Today was difficult. Mom, hubby and I went to Grammy and Grampy’s grave. I knew I would have a hard time, even ten years after Grammy’s death, but I don’t think even I was prepared for a complete emotional meltdown. Essentially, Grammy is the only Grandparent that I truly got to know growing up. My maternal Grandfather passed away before I was born and my maternal Grandmother followed when I was six years old. While I do remember my paternal Grandfather, Grampy, sadly the bulk of my memories recall him struggling with the aftermath of a very bad stroke that slurred his speech and weakened both mind and body. Needless to say, despite the long distance between Ottawa and Moncton, I latched on to my Grammy and adored every ounce of her. Some of my happiest memories from childhood involve whiling away hot summer afternoons on her porch talking until the sun went down. In my teenage years she was not only a grandmother but a friend and confidant. To be honest, I don’t think I’ll ever quite get over the loss. Being in the Maritimes is bittersweet – reliving my childhood in many ways but also painfully aware that I’ll never see her again.

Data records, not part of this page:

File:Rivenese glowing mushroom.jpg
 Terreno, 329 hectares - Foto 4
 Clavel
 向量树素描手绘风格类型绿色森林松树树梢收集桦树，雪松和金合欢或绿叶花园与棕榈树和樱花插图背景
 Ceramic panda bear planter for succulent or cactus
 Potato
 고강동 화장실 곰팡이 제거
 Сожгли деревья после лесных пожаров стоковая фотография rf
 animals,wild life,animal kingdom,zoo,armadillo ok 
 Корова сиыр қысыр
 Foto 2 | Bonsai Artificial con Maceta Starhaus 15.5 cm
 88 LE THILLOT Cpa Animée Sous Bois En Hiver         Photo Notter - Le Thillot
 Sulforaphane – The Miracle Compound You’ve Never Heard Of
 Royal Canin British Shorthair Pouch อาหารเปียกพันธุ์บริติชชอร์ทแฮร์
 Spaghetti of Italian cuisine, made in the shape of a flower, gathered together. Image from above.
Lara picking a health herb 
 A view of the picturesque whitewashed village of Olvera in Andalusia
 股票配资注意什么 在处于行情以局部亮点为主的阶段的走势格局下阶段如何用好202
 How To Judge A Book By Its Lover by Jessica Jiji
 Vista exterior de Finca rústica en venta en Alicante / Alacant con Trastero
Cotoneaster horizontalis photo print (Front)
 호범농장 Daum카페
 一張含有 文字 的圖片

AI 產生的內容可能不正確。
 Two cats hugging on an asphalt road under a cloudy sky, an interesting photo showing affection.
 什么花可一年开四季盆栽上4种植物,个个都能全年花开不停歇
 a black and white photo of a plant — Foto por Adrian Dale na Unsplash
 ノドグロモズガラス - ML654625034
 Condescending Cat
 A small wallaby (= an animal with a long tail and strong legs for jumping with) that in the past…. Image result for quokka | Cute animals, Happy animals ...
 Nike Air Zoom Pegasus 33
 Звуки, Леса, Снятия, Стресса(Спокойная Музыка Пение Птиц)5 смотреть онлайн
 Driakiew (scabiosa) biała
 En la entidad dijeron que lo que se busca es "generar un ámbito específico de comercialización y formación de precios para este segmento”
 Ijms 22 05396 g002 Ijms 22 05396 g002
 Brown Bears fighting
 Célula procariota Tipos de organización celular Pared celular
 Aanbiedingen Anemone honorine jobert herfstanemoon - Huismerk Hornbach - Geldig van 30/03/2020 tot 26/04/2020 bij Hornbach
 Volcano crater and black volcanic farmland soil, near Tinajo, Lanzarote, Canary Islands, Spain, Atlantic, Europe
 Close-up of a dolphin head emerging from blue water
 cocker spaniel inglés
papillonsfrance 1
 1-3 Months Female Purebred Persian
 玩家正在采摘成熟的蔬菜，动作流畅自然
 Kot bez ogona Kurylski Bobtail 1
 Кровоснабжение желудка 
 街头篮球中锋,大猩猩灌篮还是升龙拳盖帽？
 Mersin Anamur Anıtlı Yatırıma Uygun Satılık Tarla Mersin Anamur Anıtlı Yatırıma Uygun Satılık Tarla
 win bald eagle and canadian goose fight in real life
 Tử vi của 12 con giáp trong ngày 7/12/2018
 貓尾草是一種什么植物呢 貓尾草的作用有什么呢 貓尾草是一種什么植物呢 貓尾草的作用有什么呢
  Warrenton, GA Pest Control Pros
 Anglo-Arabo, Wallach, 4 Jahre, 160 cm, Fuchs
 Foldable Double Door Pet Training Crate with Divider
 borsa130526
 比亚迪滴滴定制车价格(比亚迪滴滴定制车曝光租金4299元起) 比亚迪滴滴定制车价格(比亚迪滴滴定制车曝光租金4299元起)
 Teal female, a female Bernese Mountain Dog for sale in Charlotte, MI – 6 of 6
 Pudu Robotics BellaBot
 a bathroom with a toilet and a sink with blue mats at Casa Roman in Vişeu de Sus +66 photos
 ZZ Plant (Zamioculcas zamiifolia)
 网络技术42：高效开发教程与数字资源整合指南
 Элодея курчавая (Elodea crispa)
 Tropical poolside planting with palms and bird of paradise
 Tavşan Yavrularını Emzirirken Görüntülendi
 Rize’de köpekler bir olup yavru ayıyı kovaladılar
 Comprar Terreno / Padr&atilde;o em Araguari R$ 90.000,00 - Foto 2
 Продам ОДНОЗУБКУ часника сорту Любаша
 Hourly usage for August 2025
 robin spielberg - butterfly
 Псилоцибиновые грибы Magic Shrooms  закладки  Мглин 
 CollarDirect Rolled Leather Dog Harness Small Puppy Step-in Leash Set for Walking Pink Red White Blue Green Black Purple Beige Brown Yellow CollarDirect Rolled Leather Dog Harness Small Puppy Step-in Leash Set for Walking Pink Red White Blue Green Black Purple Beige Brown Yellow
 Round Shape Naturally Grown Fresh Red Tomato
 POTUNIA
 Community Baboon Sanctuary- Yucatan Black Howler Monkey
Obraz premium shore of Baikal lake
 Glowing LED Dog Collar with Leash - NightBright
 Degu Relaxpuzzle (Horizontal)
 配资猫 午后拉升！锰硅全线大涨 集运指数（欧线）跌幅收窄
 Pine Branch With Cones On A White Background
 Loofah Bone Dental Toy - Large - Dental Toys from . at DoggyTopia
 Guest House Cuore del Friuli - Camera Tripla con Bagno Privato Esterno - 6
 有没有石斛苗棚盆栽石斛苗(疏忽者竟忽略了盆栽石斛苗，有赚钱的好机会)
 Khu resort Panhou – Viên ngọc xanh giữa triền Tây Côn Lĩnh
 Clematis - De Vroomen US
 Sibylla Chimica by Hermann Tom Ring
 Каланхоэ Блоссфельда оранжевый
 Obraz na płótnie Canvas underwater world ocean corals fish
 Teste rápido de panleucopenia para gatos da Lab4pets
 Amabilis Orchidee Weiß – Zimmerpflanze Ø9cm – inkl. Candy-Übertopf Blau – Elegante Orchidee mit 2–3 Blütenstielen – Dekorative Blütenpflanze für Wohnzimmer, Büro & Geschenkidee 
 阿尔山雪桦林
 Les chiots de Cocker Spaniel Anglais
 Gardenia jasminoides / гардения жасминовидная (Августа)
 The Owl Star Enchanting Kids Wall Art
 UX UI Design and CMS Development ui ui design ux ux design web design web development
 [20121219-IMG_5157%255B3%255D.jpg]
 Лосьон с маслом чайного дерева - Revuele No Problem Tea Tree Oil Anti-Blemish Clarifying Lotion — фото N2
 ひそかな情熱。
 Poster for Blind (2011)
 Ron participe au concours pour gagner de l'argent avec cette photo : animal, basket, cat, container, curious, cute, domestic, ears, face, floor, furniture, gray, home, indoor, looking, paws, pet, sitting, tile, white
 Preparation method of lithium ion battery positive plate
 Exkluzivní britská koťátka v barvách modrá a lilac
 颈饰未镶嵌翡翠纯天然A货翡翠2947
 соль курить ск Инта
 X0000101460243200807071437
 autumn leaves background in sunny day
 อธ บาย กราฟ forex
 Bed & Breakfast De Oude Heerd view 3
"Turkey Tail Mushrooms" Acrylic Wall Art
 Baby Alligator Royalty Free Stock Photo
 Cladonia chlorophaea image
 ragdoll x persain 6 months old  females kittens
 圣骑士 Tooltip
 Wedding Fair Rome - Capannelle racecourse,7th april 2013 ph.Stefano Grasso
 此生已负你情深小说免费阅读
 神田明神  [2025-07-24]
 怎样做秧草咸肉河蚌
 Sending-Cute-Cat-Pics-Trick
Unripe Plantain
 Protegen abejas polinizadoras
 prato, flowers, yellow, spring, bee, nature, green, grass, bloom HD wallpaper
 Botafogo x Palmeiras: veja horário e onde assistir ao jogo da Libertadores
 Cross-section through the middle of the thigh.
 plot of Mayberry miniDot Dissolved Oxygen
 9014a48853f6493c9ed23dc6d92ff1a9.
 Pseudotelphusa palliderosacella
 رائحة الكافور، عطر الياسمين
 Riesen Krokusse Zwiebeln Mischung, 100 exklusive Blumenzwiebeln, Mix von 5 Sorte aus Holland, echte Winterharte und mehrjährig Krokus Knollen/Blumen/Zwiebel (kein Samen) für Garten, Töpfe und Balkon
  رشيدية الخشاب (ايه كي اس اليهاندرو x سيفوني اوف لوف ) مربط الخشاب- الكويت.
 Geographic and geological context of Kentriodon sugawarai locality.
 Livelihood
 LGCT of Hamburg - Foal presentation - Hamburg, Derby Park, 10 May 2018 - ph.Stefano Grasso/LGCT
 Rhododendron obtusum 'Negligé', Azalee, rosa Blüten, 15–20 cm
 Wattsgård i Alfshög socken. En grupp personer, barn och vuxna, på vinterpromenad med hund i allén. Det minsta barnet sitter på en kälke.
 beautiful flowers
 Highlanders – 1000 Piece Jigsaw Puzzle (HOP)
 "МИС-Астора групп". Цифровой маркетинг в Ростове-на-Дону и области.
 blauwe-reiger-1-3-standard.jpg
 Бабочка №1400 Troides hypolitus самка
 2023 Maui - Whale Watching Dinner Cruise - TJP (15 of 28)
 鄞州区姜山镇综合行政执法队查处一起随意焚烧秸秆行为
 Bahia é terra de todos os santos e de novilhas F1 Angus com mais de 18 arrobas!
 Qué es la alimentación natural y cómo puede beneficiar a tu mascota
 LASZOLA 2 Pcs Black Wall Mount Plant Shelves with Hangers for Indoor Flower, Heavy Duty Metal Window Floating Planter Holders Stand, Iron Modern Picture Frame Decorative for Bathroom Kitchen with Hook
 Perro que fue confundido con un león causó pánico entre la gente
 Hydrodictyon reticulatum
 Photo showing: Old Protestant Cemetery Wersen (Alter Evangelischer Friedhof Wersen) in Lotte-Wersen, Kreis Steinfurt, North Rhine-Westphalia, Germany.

With a first hard part of the day over (and several tissues later), we made our way past the old O’Brien house when Grammy was raised and lived until the day she died. It was a beautiful old home, replete with lots of happy memories. A part of me was very sad when the house was sold by my uncle and I wasn’t sure how I would feel seeing it again. Thankfully my face broke out into a wide grin when we rounded the corner onto John street – nothing much has changed. In fact, it looks like the new owners have kept the place neat and tidy; I know Grammy would love to see it that way. Hubby parked the car while I got out and took several pictures of the home. Had I the nerve, I would have liked to ring the doorbell to see if the new owners would let me snoop but it just didn’t seem right somehow; it’s their home now.

All in all, it was an emotional day but a necessary one. I feel like I had that “visit” hanging over my head and now I feel more at ease with myself. I know Grammy would have scolded me in that trembly Edith Bunker-like voice of hers, “Don’t be sad you fool, go out and enjoy yourself. Why not go for a walk and buy yourself a cute new outfit.” Don’t worry Grammy, that’s exactly what I did!